Issue 4: Set up hypothetical scenarios for error scenario testing

On top of the test data issues mentioned above, sometimes setting up hypothetical situations or error cases is not even possible in some systems in test environments. So if you have a production bug that you would like to cover in your automated tests and it relies on a specific configuration of backend systems that is impossible to replicate in a test environment, you cannot create your automated test.

When multiple upstream systems are involved, it’s even more complicated. For example, if the Payments microservices connect to a few third-party APIs and mainframe systems, a specific combination of responses from those systems might be needed to reproduce a bug found in production systems. 

Simulators again come to the rescue. Since a simulator is entirely under your control, you can use it instead of all those third-party and mainframe systems and set up the hypothetical situation in detail.

There are also different types of errors you will encounter in production environments:

  • HTTP and other protocol error responses (such as 503 service unavailable, 401 unauthorized)
  • Slow responses
  • Timeouts
  • Dribbling responses
  • Dropped connections

Selected API and system simulation tools will allow you to simulate those types of errors and allow for increasing your black-box test coverage to high numbers, above 80%.

Case study—setting up error scenarios in a third-party system

I consulted for a client whose third-party service had 23 expected error scenarios to be accounted for because they were likely to happen during normal product usage.

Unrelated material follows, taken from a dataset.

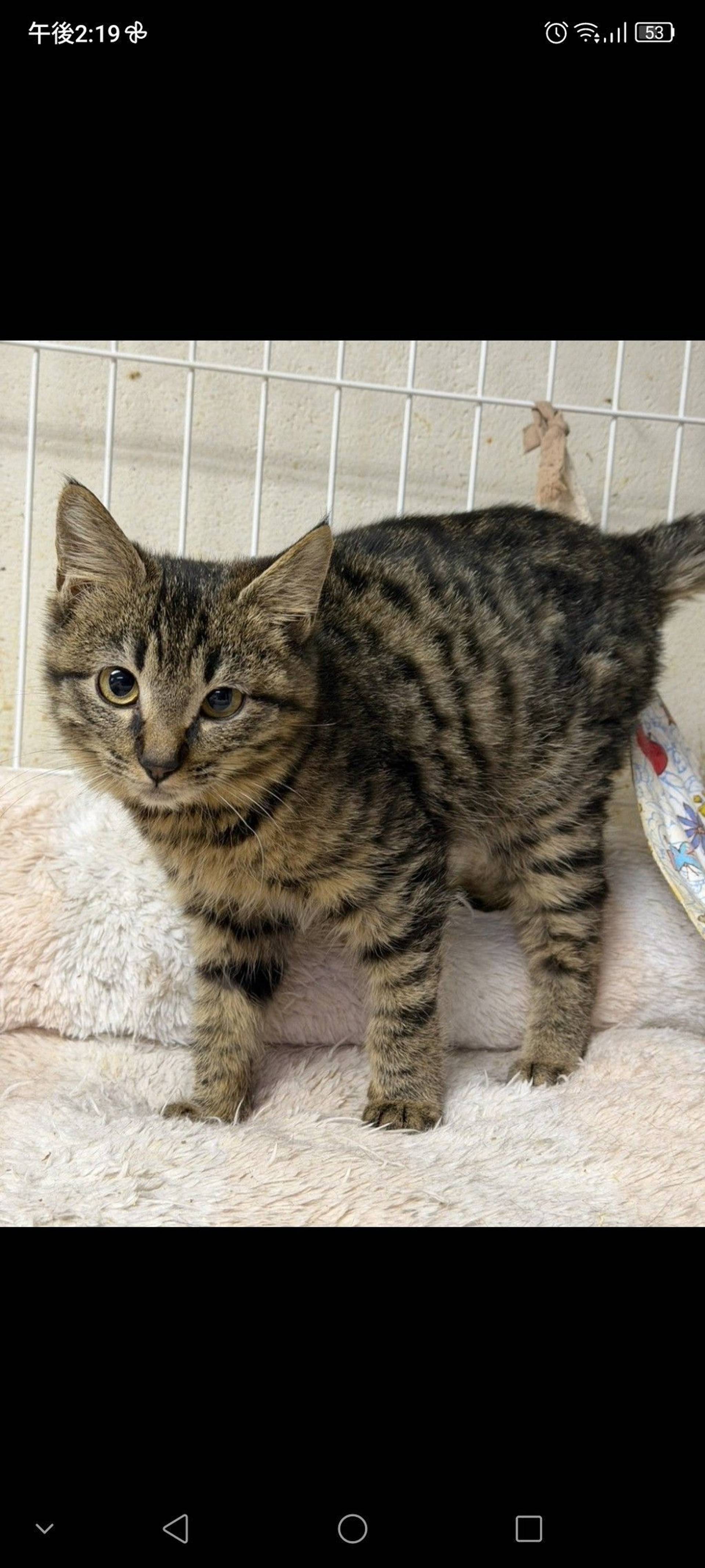 雑種（ミックス猫）・オスの里親募集の写真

Still, the third-party environment did not allow for configuring those error cases easily. To automatically test those scenarios, the client used an API simulator that could return the specified error responses and allow for automated black-box testing of their software in all 23 error cases.

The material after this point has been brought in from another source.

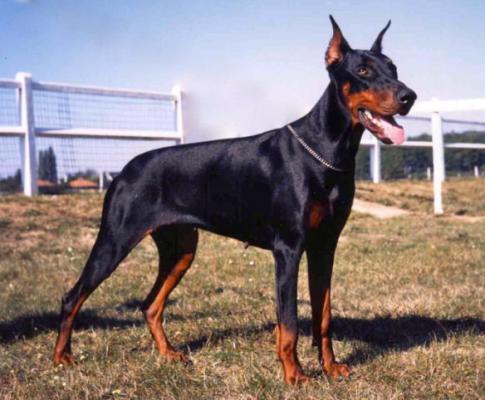 Darjeeling-Emeyrah du Fief de la Garenne | Black Doberman Pinscher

Issue 5: Third-party API and service restrictions

Many third-party APIs or services have restrictions on usage in production environments. That includes:

  • Throttling or rate limiting—maximum number of requests per minute or hour
  • Burst thresholds—maximum number of requests per second for a few seconds
  • Maximum number of parallel connections

With simulators, you can simulate third-party throttling, rate limits, or the maximum number of parallel connections, which allows you to test the limits of the whole system under test in Black Friday scenarios.

Some companies choose to rate limit access to their test and sandbox environments to avoid incurring costs for supporting excess testing infrastructure for all of their clients. Using simulators, you can work around the rate limits in third-party test environments and run as many automated functional and performance tests on your side as you need.

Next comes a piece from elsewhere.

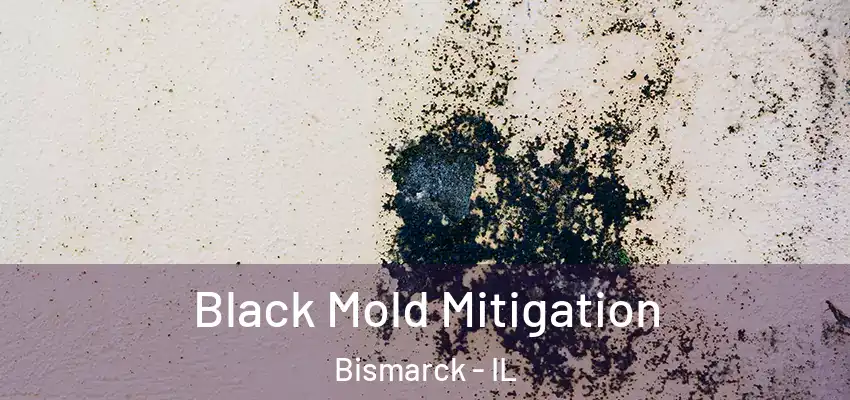Black Mold Mitigation Bismarck - IL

Backend systems test environments can be slow compared to production environments, preventing you from running automated performance tests in a production-like environment. You can use simulators to simulate the production environment response times in your test environment.

Case study—rate limited third-party API

One of my clients was integrating with a third-party API with a burst threshold of 3 hits per second, continuously, during a span of 5 seconds. After hitting the limit, the API returns an error 429, “Too many requests.” They wanted an automated test where their software would throttle requests to meet the allowed burst threshold. They created a simulator that simulated the third-party behavior and returned error 429, “Too many requests,” when there were more than 3 hits per second, continuously, during a span of 5 seconds. They validated in their automated tests that their production code could throttle across a span of one minute with a high number of requests.

Next steps

Learning new things is great, but the new skills do not yield returns if you don’t use them! 

If you are the head of QA with a KPI to move away from manual to automated testing, review with your team if you experience any of the abovementioned problems.

If you are an architect, a developer, or an automation tester experiencing one or more problems listed above, talk to your team and management to see if you can spend some time investigating using simulation to solve your issues.

Wikipedia has a helpful comparison of API simulation tools, where you can find one that fits your needs.